Task goal> Copy the lines below exactly, starting at the one with "SnoreLess - Embout" and ending at the one with "Read Alice in Borderland Es Manga Online", and leave out any picture.
Segment Start: The records
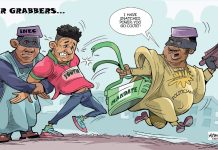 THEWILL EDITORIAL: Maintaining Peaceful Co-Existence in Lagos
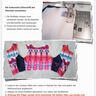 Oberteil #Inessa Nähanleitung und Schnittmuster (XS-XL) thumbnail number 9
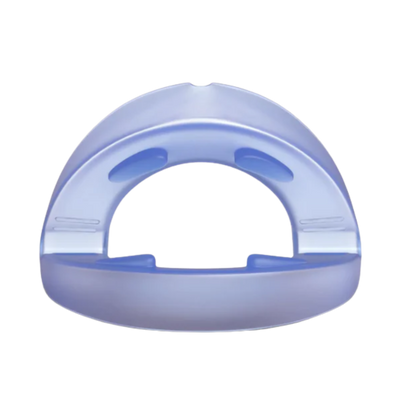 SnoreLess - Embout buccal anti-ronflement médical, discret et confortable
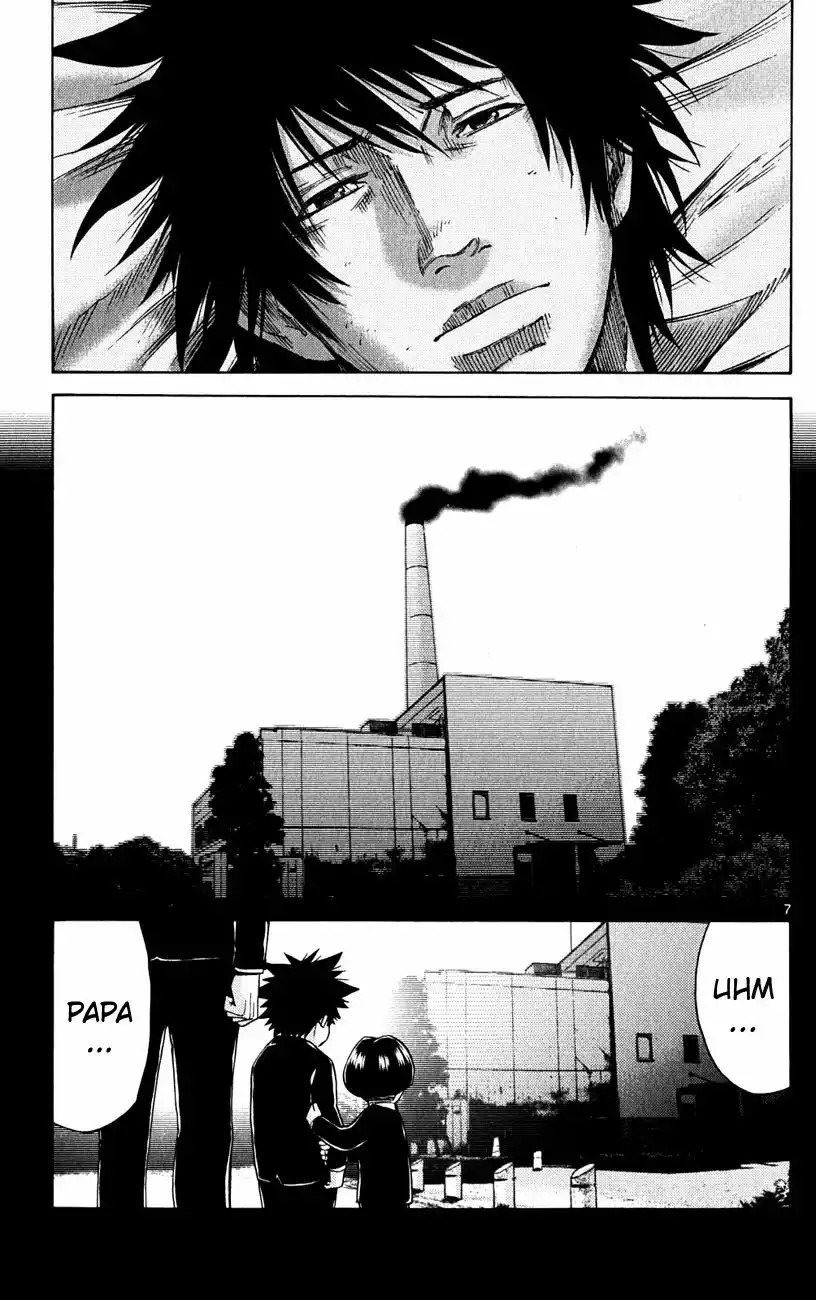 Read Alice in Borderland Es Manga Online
Segment End: The records
Segment Start: The records
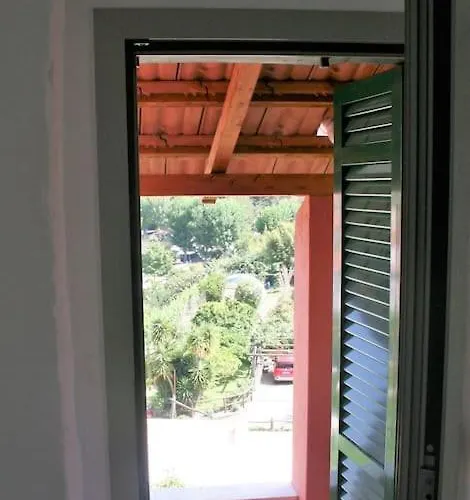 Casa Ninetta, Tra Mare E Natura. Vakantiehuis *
Segment End: The records
Output of the exercise>
 SnoreLess - Embout buccal anti-ronflement médical, discret et confortable
 Read Alice in Borderland Es Manga Online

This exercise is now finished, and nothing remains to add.